Para muitos o dia de Natal é sinónimo de descanso e convívio familiar, mas em Guidões cerca de duas dezenas de jovens abdicam do conforto do lar para dar vida ao nascimento de Jesus, recriando o Presépio ao Vivo.

O último domingo, 25 de dezembro, começou bem cedo para o grupo. Ainda o relógio da Igreja Paroquial, onde é encenado o presépio, não assinalava as 7 horas e já os primeiros elementos chegavam para ultimar os preparativos. “Há certas coisas que apenas podemos fazer no dia, como colocar decorações e trazer os animais”, explicou o presidente do grupo de jovens, José Pedro Campos. Depois de tudo colocado no devido sítio, os animais acomodados nas suas cercas e dos jovens vestirem os trajes da época, era altura de ensaiar a encenação que deveriam levar a cabo durante a eucaristia de Natal. “Este ano, para além do presépio, também fizemos uma pequena atuação no momento de Ação de Graças”, esclareceu o responsável.

Esta é uma iniciativa que o Grupo de Jovens S. João Baptista de Guidões desenvolve há já vários anos: “Naturalmente que dá bastante trabalho”. “Toda a estrutura foi criada de raiz e é da responsabilidade dos elementos do grupo que soldam, pregam, serram e fazem o que for necessário para que tudo esteja pronto no dia de Natal”, acrescentou José Pedro Campos.
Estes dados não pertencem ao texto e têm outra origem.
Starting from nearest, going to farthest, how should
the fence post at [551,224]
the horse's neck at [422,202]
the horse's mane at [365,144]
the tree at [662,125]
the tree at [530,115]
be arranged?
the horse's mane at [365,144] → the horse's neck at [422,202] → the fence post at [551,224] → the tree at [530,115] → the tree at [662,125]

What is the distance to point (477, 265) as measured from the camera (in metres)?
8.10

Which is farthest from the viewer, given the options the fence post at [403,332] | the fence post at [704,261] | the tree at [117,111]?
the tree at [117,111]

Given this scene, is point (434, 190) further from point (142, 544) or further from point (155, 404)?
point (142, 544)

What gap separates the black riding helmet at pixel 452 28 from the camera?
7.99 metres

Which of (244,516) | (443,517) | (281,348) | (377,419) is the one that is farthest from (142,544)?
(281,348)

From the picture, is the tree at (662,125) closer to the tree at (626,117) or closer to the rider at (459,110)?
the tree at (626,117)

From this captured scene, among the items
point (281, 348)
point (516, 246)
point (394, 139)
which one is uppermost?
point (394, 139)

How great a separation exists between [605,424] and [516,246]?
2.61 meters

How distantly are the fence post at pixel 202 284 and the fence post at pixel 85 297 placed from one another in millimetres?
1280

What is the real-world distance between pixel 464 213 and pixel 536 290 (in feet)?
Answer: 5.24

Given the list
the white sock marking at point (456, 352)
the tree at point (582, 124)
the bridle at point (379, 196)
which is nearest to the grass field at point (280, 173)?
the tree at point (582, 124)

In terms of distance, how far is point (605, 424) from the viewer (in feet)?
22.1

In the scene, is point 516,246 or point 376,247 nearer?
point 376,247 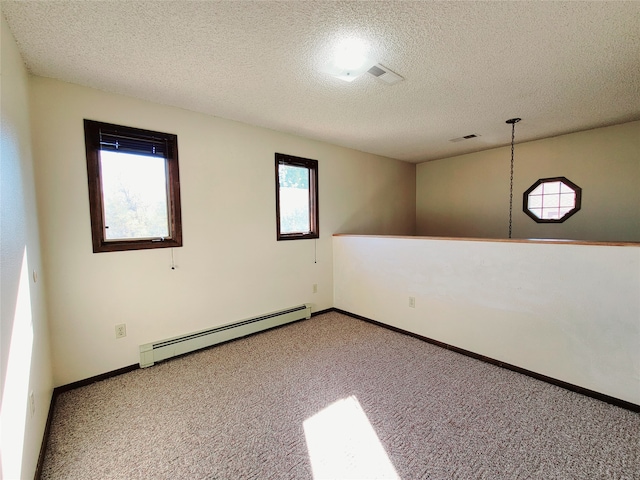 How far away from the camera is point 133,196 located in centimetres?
260

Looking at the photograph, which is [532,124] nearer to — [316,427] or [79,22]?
[316,427]

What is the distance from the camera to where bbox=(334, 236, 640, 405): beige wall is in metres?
2.08

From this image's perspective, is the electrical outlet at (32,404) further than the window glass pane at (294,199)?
No

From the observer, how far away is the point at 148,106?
263 centimetres

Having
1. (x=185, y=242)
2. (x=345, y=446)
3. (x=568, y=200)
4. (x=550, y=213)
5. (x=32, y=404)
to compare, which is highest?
(x=568, y=200)

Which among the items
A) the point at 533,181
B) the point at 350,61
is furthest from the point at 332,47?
the point at 533,181

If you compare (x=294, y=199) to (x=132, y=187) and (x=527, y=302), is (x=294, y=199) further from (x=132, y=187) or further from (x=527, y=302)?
(x=527, y=302)

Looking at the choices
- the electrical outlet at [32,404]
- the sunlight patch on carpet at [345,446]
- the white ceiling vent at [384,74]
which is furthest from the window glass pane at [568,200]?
the electrical outlet at [32,404]

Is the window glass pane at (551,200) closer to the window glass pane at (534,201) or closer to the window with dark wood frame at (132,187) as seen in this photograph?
the window glass pane at (534,201)

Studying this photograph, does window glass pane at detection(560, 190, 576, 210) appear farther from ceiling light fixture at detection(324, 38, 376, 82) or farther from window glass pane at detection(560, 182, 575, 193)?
ceiling light fixture at detection(324, 38, 376, 82)

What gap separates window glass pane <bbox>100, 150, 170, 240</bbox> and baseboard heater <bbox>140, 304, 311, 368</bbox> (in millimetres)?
1058

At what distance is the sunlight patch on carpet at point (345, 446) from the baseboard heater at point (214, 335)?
5.11 feet

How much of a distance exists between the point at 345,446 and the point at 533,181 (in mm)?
4386

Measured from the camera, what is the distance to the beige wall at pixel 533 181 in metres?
3.45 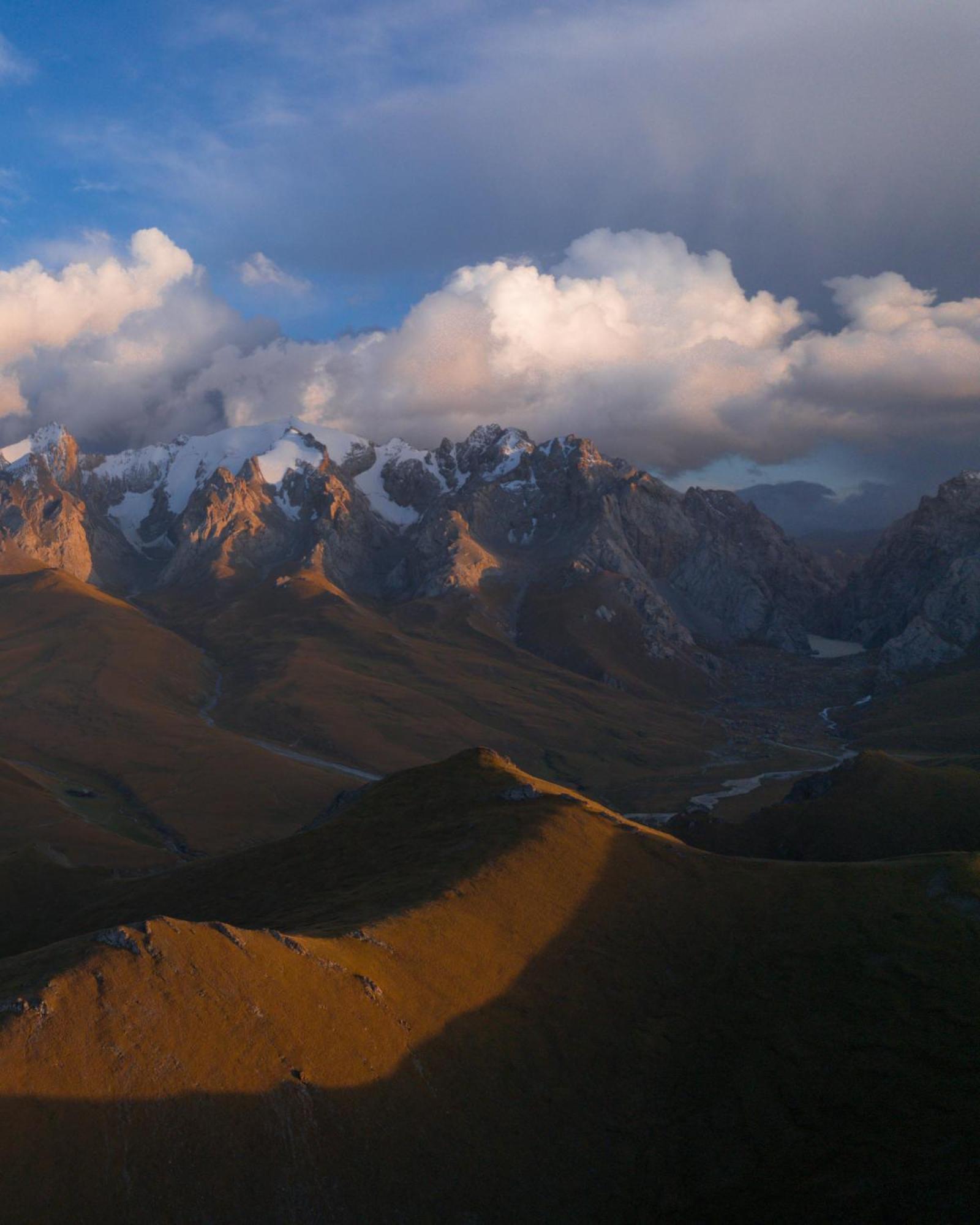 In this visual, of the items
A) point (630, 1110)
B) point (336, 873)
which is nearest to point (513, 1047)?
point (630, 1110)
Neste presépio existem anjos, pastores, reis, José, Maria e muitas outras personagens que recriam os relatos da Bíblia, como a aparição do anjo a Maria, a falta de lugar na hospedaria em Belém para José e Maria pernoitarem ou a fuga para o Egito, depois de Herodes ordenar a morte de todos os bebés.

O objetivo é “diversificar as cenas todos os anos para não se tornar monótono”. Se ainda não teve a oportunidade de visitar o Presépio ao Vivo, pode fazê-lo no dia 1 de janeiro entre as 14 e as 17.30 horas.